**Your task:** Print every entry word for word, but omit the pictures.

**Data extract:**
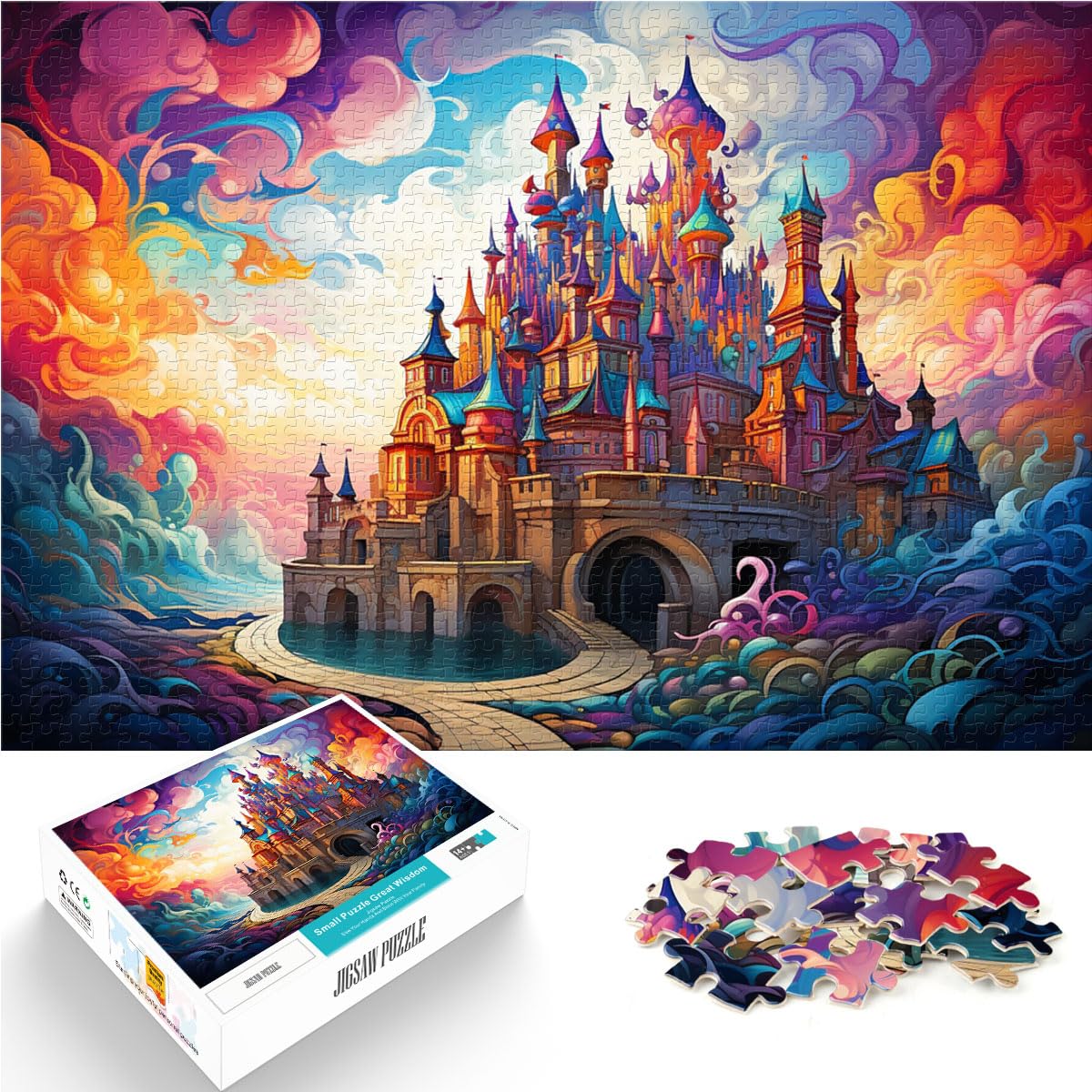 Puzzle für Puzzle, farbenfrohes psychedelisches Schloss, 1000 Teile, Puzzle aus Holz für anspruchsvolles Puzzlespiel und Familienspiel, 1000 Teile (50 x 75 cm)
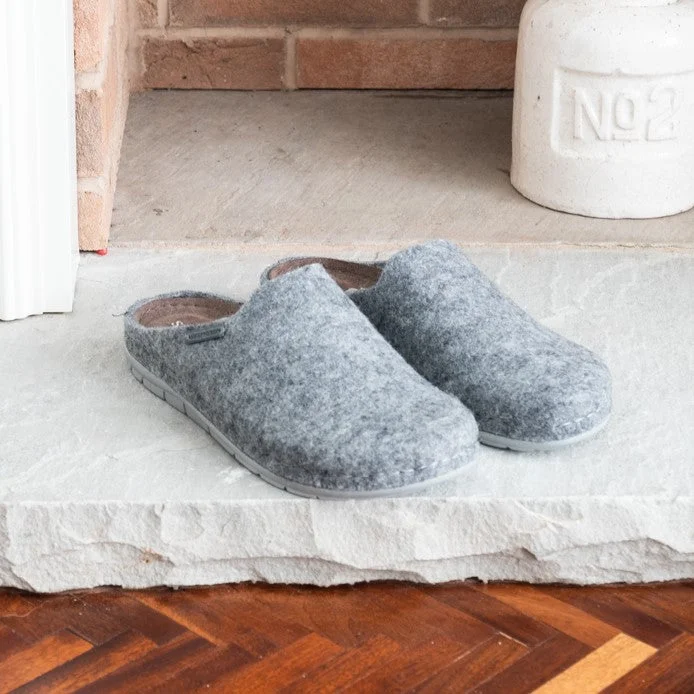 Women's Slippers with a Built - in Heel in Black for a Slightly Elevated Look ANNSOFIE Shepherd Womens Wool Slip On Slippers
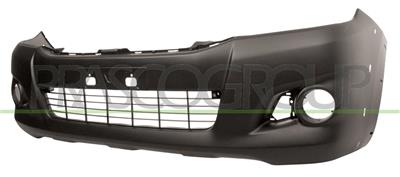 FRONT BUMPER-PRIMED-BLACK-WITH FOG LAMP HOLES-WITH WING EXTENSION HOLES-WITH BUMPER GRILLE-CENTRE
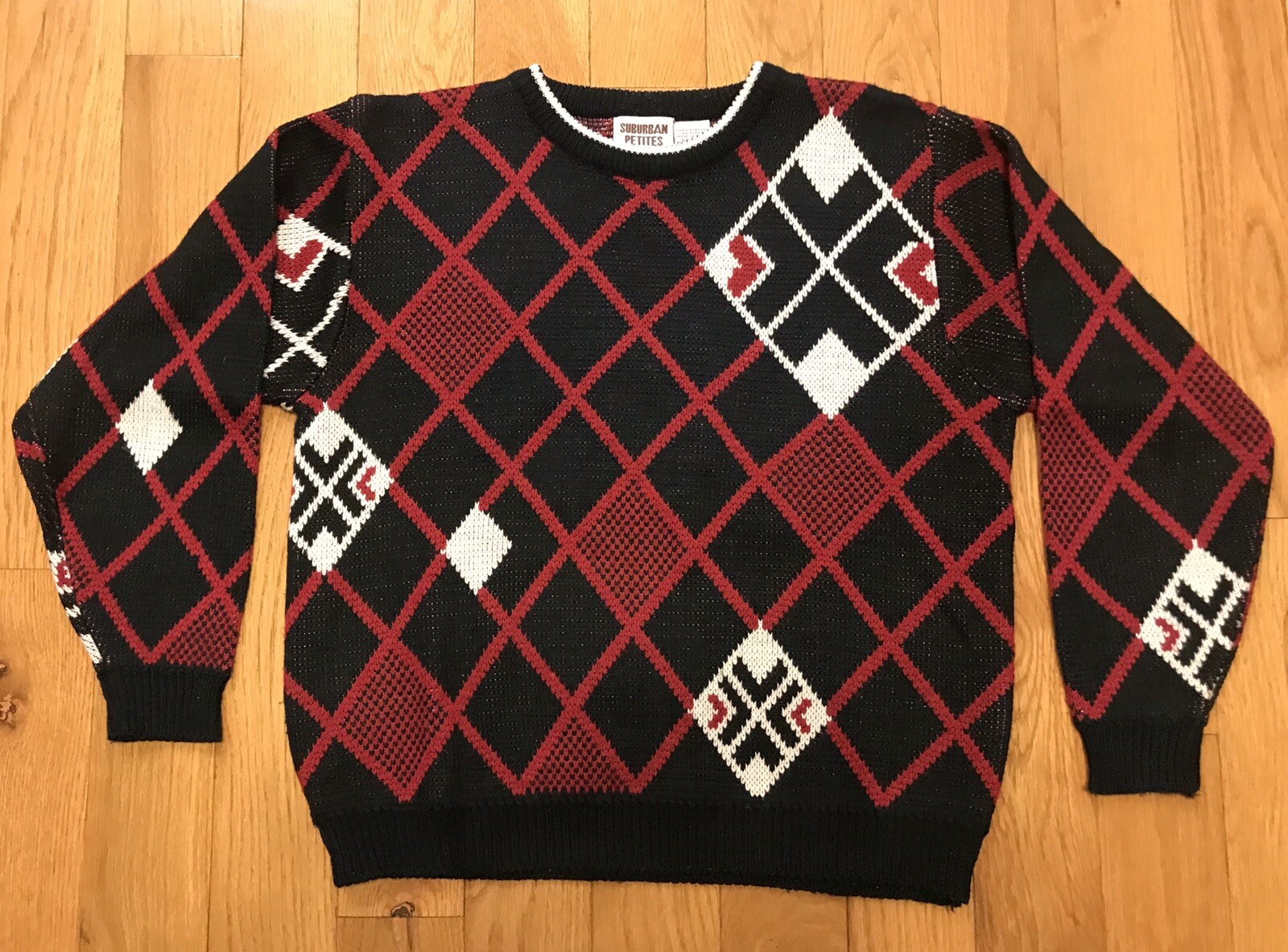 Vintage Suburban Petites Crewneck Sweater Red Black Geometric Pattern Large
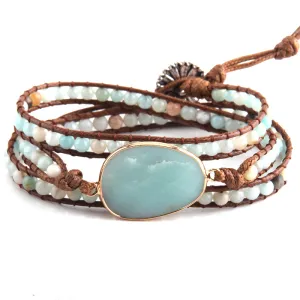 3 Strands Wrap Natural Stones Charm Bracelet Crystal Women Buddha Bracelet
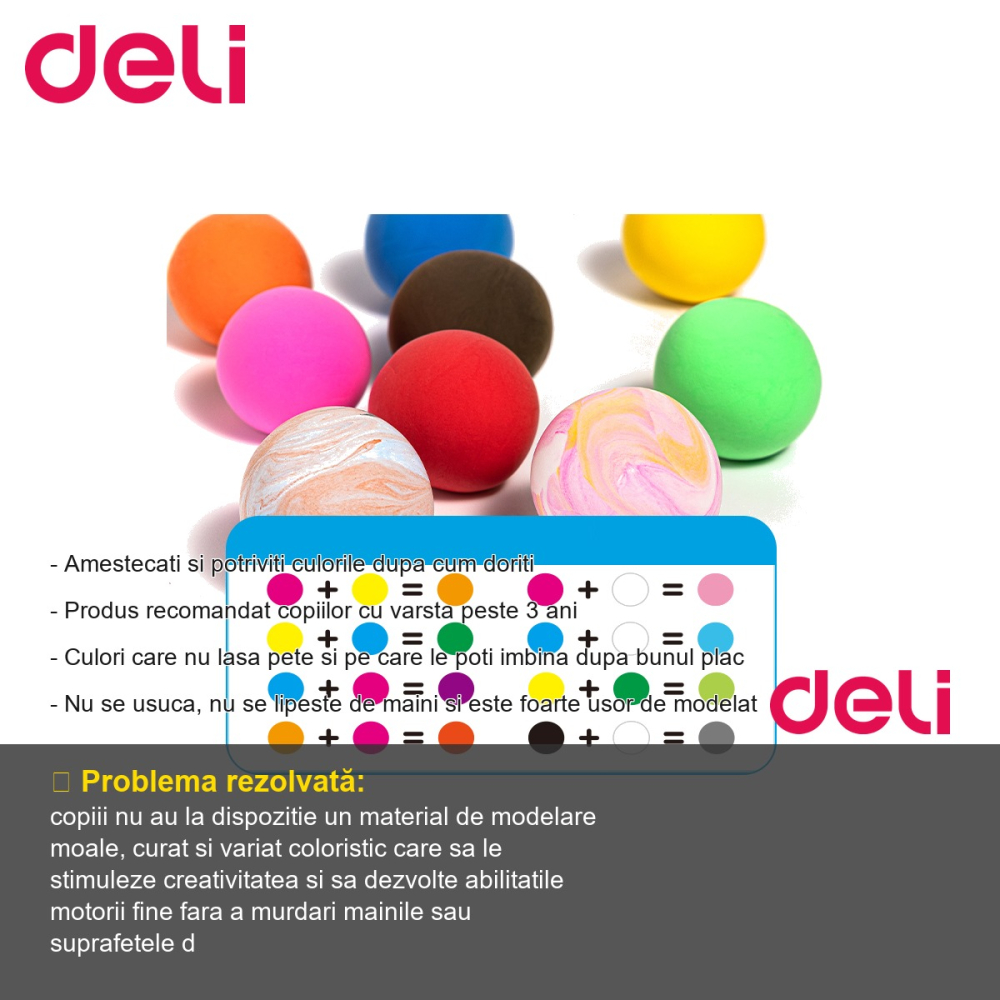 Set plastilina Deli Soft Clay, 24 culori, 144g, usor de modelat, pentru copii peste 3 ani [2]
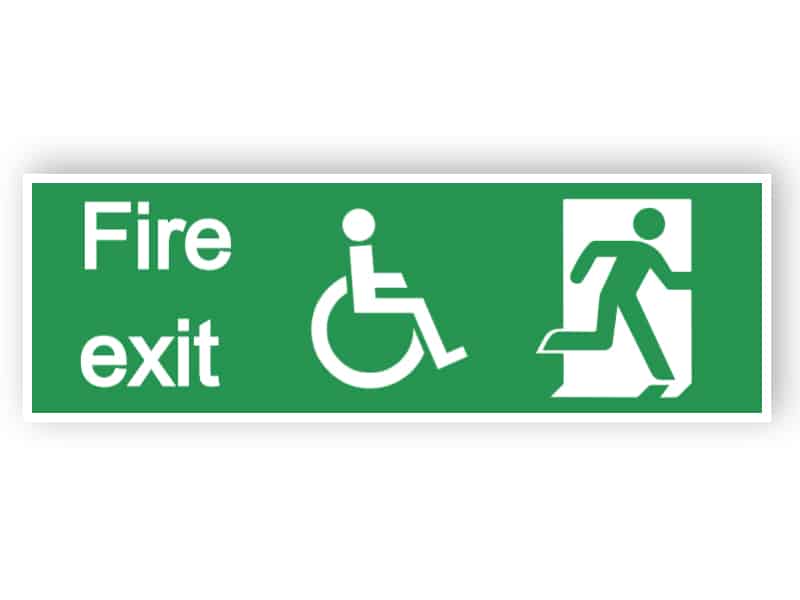 Nödutgång tecken - med tillgång för funktionshindrade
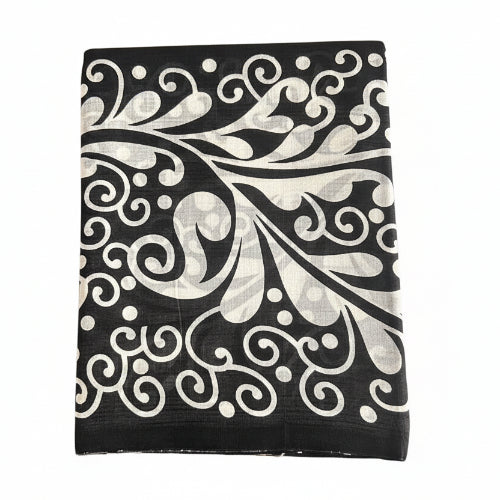 Light Pink and Black Pure Silk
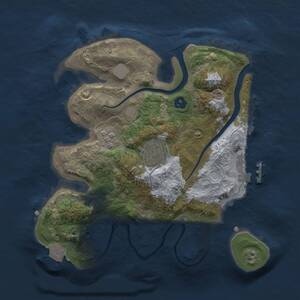 Thumbnail Rust Map: Procedural Map, Size: 2400, Seed: 2076304938, 4 Monuments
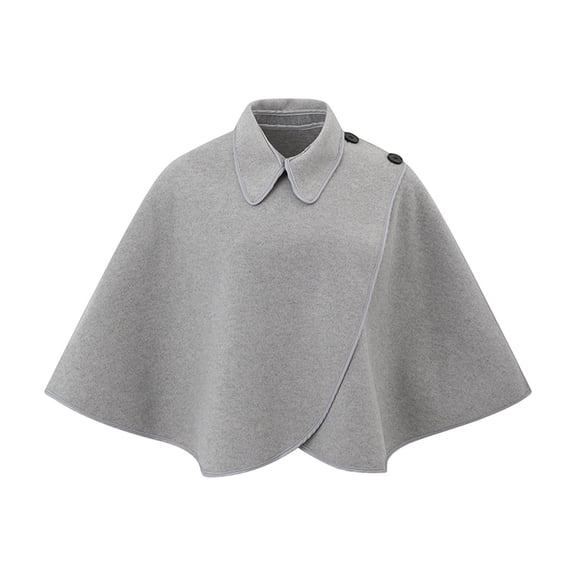 UTSJKR Women Lapel Collar Wool Blend Short Cape Poncho Button Decor Asymmetric Wrap Shawl Coat for Daily Outfit Gray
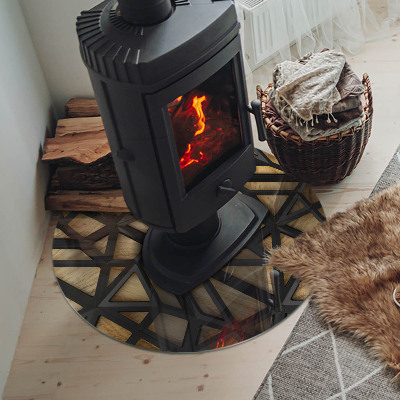 Kachel vloerplaat ronde Geometrie met hout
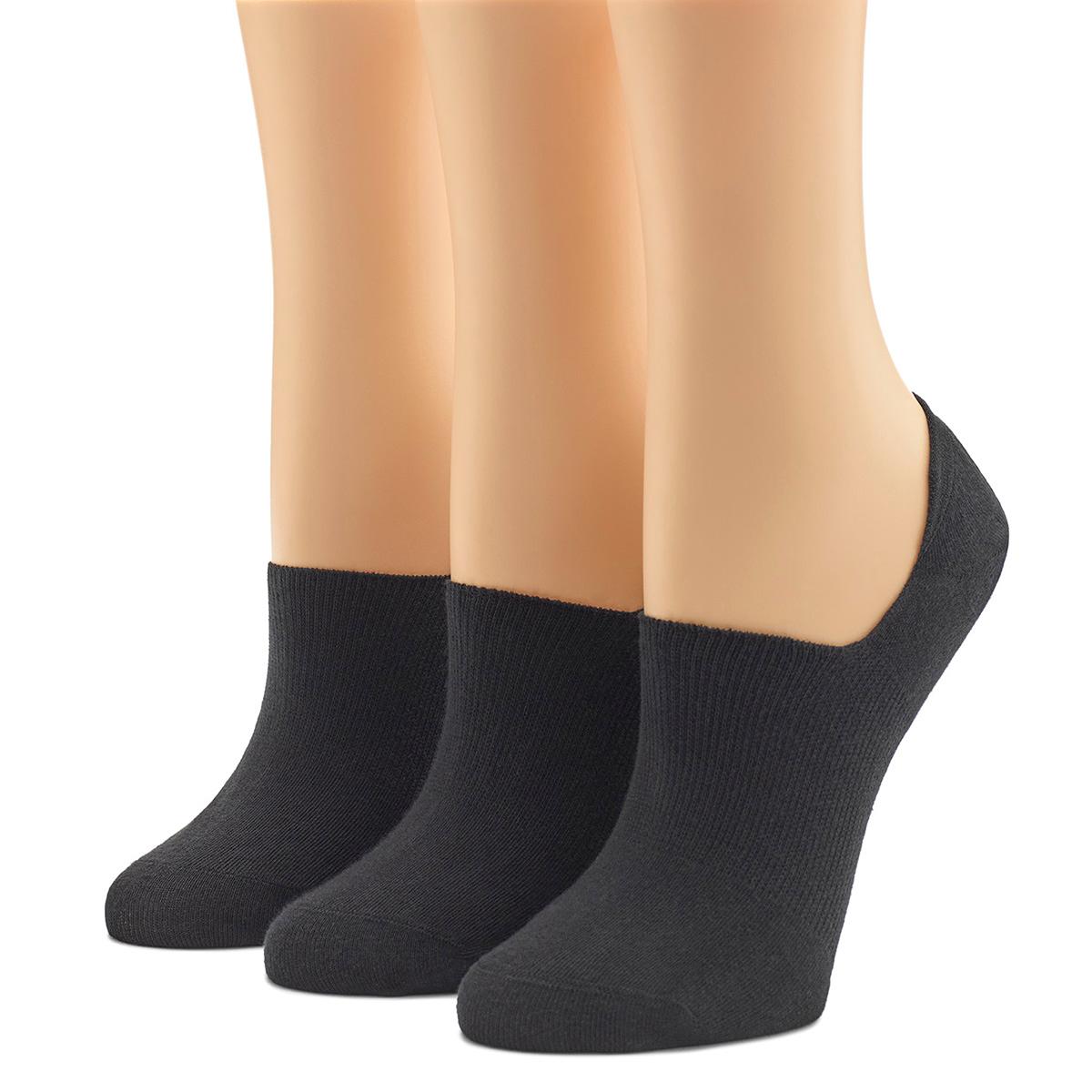 Womens HUE(R) 3pk. Cotton No Show Arch Hug Socks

**Solution for this exercise:**
 Puzzle für Puzzle, farbenfrohes psychedelisches Schloss, 1000 Teile, Puzzle aus Holz für anspruchsvolles Puzzlespiel und Familienspiel, 1000 Teile (50 x 75 cm)
 Women's Slippers with a Built - in Heel in Black for a Slightly Elevated Look ANNSOFIE Shepherd Womens Wool Slip On Slippers
 FRONT BUMPER-PRIMED-BLACK-WITH FOG LAMP HOLES-WITH WING EXTENSION HOLES-WITH BUMPER GRILLE-CENTRE
 Vintage Suburban Petites Crewneck Sweater Red Black Geometric Pattern Large
 3 Strands Wrap Natural Stones Charm Bracelet Crystal Women Buddha Bracelet
 Set plastilina Deli Soft Clay, 24 culori, 144g, usor de modelat, pentru copii peste 3 ani [2]
 Nödutgång tecken - med tillgång för funktionshindrade
 Light Pink and Black Pure Silk
 Thumbnail Rust Map: Procedural Map, Size: 2400, Seed: 2076304938, 4 Monuments
 UTSJKR Women Lapel Collar Wool Blend Short Cape Poncho Button Decor Asymmetric Wrap Shawl Coat for Daily Outfit Gray
 Kachel vloerplaat ronde Geometrie met hout
 Womens HUE(R) 3pk. Cotton No Show Arch Hug Socks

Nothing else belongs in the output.